I’m on my way to a workshop at The New Institute in Hamburg, where I will talk about the scope for a public option in (especially) digital markets. As preparation, I’ve read a recent short (and moderately technical) book surveying the literature on ‘mixed oligopoly’ by Joanna Potoygo-Theotoky; these are oligopolistic markets with a mixture of private and public provision, where the public competitor has a broader objective function than profit maximisation – such as social welfare broadly, or ESG motivations, or universal service obligations. The basic idea is that by having a different objective function, the presence of the public provider acts as a regulatory function; private firms will choose a lower price/higher quantity or will select to compete on a different level of quality.
I’m most interested in the latter area, where the formal results can go both ways. Public firms can either decide to offer a ‘basic’ package to deliver universal service or can offer a higher quality package than the private sector. Think of public schools vs private schools providing great sports fields and additional subjects in the former case, or public broadcasters ensuring provision of children’s programmes or religious programmes in the latter case. Given the concentration in digital markets and the limited tools governments other than the US and China have to affect the behaviour of Big Tech, provision of a public option in some domains is worth thinking about.

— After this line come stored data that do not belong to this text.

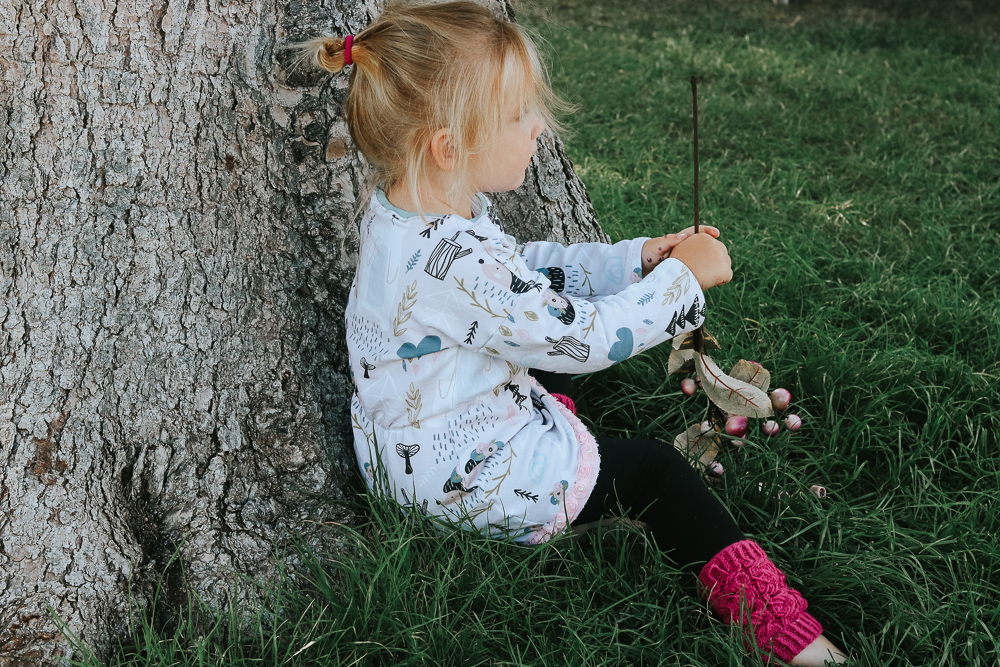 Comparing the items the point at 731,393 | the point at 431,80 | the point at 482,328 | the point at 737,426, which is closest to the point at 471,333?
the point at 482,328

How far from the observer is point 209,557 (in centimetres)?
156

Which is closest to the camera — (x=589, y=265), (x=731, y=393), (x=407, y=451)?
(x=407, y=451)

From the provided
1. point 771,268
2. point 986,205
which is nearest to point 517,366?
point 771,268

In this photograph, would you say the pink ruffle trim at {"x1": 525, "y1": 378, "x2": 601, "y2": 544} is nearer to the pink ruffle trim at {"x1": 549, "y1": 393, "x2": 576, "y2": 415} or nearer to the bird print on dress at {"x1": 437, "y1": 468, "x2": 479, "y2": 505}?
the bird print on dress at {"x1": 437, "y1": 468, "x2": 479, "y2": 505}

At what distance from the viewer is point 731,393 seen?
1854 millimetres

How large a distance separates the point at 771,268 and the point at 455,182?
1.61 meters

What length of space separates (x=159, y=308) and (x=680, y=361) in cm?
120

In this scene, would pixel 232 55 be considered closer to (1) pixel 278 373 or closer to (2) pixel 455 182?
(2) pixel 455 182

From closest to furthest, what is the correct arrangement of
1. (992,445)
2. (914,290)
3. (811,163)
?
(992,445), (914,290), (811,163)

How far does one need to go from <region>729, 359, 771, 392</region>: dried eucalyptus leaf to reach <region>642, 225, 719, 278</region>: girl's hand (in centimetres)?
35

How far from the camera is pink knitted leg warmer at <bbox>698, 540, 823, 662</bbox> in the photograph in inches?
59.8

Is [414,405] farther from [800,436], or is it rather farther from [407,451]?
[800,436]

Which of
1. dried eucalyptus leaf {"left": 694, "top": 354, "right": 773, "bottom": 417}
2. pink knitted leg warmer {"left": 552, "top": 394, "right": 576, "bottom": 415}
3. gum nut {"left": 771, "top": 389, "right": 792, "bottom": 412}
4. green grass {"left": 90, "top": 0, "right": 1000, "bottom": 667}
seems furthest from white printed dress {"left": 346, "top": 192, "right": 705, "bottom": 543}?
gum nut {"left": 771, "top": 389, "right": 792, "bottom": 412}

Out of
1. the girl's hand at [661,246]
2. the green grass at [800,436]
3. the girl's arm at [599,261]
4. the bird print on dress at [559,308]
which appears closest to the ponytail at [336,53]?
the bird print on dress at [559,308] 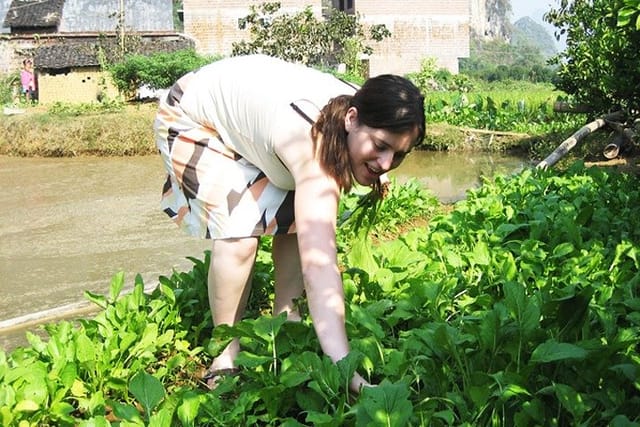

The book, Mixed Oligopoly and Public Enterprises, is a very nice survey and introduction to the mixed oligopoly literature, much of it focused on the price and quantity decisions and the optimal mixture of private and public, but covering some more recent literature on issues like R&D, quality and ESG standards. It also ends outlining a fascinating research agenda – introducing issues of motivation of employees, and even wider objectives such as creating jobs and reducing inequality.